## INSTRUCTIONS TO FOLLOW
Once the line containing "Bolso de Bandolera" has been copied, stop; copy every line before it exactly, beginning with the first line of the material below.

+ + +

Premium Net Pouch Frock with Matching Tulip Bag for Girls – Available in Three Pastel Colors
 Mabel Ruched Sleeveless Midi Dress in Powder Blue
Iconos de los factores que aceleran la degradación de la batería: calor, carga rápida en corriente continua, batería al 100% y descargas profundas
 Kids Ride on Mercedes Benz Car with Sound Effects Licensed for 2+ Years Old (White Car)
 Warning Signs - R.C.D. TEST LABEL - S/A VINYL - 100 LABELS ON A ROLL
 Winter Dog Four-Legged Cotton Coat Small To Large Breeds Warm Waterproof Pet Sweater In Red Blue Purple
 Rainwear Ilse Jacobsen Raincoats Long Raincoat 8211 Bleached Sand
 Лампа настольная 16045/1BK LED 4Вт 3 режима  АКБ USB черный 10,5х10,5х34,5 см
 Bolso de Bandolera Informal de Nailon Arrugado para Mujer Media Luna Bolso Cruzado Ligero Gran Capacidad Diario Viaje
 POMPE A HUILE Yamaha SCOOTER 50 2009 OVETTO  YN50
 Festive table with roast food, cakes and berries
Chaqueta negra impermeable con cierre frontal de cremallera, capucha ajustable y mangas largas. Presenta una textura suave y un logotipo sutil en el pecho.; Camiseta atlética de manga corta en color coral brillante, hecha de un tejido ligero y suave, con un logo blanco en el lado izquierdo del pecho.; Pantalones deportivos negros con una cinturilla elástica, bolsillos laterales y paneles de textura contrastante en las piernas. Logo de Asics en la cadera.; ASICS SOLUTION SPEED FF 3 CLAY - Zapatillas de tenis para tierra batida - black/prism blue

+ + +

## THE COMPLETED TASK
Premium Net Pouch Frock with Matching Tulip Bag for Girls – Available in Three Pastel Colors
 Mabel Ruched Sleeveless Midi Dress in Powder Blue
Iconos de los factores que aceleran la degradación de la batería: calor, carga rápida en corriente continua, batería al 100% y descargas profundas
 Kids Ride on Mercedes Benz Car with Sound Effects Licensed for 2+ Years Old (White Car)
 Warning Signs - R.C.D. TEST LABEL - S/A VINYL - 100 LABELS ON A ROLL
 Winter Dog Four-Legged Cotton Coat Small To Large Breeds Warm Waterproof Pet Sweater In Red Blue Purple
 Rainwear Ilse Jacobsen Raincoats Long Raincoat 8211 Bleached Sand
 Лампа настольная 16045/1BK LED 4Вт 3 режима  АКБ USB черный 10,5х10,5х34,5 см
 Bolso de Bandolera Informal de Nailon Arrugado para Mujer Media Luna Bolso Cruzado Ligero Gran Capacidad Diario Viaje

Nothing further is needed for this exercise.